- The print media, particularly, had for years been able to stay afloat thanks to advertising revenue, but the pandemic has left it scrambling for new ways of sustaining itself.
- The plunge in advertising is reported to vary between an estimated 40% to 100%.
- There has been a "massive surge" in traffic to credible online news sources.
The effect of the coronavirus pandemic on South Africa's print media has left it "desperately looking for new ways of sustaining itself while audience demands for timely, credible but free news surges".
This is according to a report launched by the South African National Editors' Forum (Sanef) on Monday on the impact of Covid-19 on journalism.
The pandemic has shown the need for thinking about emergency funding for news media in the short-term, the report reads, with sustainable funding models as it adapts to the new digital realities of the 21st century in the long-term.
The research, commissioned by Sanef on World Press Freedom Day on 3 May, will be constantly updated as the editors' forum looks into ways to assist the industry.
"This research will thus feed into a series of projects to assist journalists and media entities to survive," the executive summary of the report reads.
According to the report, it found that while, particularly, print media had for years been able to stay afloat thanks to advertising revenue, the pandemic had left it scrambling for new ways of sustaining itself.

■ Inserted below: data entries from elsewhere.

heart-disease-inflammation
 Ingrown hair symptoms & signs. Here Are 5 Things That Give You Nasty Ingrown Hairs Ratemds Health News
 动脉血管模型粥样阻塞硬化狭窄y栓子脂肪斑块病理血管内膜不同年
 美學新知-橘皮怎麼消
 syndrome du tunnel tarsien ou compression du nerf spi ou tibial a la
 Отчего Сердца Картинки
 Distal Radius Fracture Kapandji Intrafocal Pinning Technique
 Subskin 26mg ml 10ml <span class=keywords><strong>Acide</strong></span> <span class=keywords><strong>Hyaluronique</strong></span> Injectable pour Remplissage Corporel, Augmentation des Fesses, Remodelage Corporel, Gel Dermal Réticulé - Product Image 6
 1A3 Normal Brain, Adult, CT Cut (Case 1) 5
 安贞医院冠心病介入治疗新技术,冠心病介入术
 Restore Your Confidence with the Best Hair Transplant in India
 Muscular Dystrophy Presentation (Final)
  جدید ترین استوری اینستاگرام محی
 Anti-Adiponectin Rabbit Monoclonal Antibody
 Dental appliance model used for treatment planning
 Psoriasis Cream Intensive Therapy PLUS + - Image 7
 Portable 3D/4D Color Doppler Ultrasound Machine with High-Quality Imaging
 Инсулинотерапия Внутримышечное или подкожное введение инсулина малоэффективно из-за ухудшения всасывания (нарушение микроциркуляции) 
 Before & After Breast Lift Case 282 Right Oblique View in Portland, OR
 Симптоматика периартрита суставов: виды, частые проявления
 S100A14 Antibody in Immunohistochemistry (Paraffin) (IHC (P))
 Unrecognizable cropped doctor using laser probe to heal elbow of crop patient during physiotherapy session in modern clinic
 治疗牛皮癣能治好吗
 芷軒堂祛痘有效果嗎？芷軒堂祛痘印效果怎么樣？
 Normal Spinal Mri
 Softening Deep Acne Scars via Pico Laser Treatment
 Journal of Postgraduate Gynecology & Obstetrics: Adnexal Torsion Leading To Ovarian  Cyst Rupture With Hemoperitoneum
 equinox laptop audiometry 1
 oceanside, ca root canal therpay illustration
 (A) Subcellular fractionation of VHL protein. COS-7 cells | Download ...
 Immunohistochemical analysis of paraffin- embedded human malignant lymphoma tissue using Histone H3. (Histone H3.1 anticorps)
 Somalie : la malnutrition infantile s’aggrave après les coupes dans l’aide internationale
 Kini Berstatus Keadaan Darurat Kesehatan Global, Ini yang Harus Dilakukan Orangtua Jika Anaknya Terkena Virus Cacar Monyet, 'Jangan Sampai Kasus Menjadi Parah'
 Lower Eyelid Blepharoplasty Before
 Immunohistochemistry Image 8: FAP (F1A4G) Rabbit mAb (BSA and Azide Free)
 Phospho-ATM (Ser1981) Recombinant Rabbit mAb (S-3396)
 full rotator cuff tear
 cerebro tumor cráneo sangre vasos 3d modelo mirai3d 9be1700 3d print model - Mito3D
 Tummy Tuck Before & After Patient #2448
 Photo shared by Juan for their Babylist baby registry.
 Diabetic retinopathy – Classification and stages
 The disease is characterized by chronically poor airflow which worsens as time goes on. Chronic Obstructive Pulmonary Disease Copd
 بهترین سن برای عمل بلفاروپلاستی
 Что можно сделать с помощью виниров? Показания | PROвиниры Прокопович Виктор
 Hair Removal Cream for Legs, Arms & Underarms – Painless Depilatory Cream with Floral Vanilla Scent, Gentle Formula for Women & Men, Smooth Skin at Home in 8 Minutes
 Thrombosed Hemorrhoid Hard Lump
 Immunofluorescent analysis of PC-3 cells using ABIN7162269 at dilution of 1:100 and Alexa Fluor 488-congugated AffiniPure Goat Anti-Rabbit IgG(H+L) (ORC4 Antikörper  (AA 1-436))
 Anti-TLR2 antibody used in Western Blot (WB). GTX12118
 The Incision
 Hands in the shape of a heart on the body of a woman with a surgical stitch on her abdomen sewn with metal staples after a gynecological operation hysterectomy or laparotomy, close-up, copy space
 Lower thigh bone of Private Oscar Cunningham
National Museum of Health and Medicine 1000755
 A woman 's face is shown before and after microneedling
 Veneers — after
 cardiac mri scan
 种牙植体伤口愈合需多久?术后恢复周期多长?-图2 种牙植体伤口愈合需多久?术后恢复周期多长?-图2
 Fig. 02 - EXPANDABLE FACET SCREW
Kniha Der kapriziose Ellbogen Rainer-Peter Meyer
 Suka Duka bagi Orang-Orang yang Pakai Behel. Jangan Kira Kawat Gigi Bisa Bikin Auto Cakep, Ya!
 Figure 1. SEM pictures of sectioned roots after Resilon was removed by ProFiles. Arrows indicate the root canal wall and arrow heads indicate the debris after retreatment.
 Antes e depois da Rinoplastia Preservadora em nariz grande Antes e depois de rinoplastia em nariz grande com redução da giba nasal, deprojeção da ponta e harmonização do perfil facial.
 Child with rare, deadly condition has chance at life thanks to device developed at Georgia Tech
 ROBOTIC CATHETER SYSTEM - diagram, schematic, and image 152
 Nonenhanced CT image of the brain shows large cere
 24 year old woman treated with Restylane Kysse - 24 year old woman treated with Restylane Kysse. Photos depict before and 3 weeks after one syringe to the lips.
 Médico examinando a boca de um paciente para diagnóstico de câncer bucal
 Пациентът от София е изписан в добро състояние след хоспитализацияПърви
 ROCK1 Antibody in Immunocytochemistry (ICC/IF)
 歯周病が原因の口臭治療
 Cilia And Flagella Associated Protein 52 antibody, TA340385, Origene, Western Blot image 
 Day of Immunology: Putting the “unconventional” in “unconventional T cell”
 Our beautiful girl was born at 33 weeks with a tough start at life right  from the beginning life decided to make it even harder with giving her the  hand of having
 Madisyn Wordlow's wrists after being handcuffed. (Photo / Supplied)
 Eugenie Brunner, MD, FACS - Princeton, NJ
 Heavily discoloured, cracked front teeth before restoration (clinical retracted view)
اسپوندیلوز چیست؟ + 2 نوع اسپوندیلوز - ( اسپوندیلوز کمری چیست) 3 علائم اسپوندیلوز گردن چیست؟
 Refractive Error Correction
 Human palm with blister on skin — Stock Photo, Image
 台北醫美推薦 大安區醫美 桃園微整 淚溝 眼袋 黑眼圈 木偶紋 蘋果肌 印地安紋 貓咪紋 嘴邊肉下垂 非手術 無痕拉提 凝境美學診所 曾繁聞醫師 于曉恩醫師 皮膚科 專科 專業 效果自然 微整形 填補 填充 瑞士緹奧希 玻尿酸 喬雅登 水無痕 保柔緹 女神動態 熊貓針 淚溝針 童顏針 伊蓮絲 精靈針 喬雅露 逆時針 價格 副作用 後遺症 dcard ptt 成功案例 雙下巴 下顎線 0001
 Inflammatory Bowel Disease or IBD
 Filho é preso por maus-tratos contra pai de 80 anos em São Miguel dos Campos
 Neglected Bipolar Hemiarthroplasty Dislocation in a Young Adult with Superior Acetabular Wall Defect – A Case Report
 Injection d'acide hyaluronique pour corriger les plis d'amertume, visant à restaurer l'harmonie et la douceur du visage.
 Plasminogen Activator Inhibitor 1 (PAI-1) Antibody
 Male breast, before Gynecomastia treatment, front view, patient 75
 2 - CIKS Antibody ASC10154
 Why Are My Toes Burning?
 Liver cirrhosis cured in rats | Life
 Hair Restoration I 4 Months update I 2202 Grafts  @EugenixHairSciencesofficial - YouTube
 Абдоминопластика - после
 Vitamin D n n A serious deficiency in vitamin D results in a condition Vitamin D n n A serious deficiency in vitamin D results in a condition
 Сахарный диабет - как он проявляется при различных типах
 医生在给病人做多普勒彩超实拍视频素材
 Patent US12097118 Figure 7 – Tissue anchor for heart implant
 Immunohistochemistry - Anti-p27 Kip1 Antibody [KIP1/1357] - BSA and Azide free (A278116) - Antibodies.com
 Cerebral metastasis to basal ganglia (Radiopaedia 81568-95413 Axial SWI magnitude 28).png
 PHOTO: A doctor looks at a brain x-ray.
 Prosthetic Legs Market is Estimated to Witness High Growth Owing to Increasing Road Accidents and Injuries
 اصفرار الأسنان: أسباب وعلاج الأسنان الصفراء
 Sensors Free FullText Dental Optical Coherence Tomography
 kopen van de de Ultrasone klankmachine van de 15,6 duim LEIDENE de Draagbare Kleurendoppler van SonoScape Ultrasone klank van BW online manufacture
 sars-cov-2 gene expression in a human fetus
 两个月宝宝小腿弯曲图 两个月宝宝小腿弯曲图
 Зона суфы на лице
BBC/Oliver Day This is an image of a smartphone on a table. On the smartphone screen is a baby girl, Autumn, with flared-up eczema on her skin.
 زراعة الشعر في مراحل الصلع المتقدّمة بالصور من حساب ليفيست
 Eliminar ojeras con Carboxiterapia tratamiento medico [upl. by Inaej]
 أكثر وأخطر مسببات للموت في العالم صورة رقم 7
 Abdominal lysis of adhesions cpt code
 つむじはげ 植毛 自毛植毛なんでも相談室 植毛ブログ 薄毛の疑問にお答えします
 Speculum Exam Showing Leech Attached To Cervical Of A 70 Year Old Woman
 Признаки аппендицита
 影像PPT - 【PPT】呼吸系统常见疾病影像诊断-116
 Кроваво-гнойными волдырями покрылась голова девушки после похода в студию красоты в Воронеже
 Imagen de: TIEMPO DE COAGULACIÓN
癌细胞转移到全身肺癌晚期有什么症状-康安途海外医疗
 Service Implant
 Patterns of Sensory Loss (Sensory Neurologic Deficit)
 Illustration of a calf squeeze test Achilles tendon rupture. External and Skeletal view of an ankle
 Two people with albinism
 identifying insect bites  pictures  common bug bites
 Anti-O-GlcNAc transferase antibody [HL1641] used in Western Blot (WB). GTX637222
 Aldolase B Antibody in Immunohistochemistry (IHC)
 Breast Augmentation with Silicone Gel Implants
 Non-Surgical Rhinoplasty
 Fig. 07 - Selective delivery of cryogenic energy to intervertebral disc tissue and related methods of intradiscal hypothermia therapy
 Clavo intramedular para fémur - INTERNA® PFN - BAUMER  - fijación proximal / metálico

The established media suffered job losses, the closure of publications and the real threat of widespread retrenchments, the report reads.
"The first and most visible casualty was the magazine industry with the closure of two magazine publishers with the loss of 97 jobs at the one publisher and up to 250 at the other. Away from the limelight, small, independent, hyperlocal print publications were also ravaged," it reads.
"This was in the first phase of the lockdown as small publishers were unable to access emergency funding, resulting in the loss of an estimated 300 to 400 journalistic jobs. Workers at three of the so-called Big 4 print media companies were forced to take salary cuts of up to 45% and temporary lay-offs have been widely implemented."
The plunge in advertising is reported to vary between an estimated 40% to 100%.
"Added to this was the disappearance of third-stream revenue from such sources as the hosting of events. Subscriber revenue has never been more valuable," the report states.
"At the same time as advertising revenue has dropped, demand for accurate news from credible sources, online and broadcasting, has soared. For instance, the average audience for Zulu language TV news on SABC, the week after the national disaster was declared, increased 40% and Xhosa News audiences rose by 60%."
Since the outbreak, there has been a "massive surge" in traffic to credible online news sources, with a 72% increase to news websites in March and a 44% growth in unique browsers.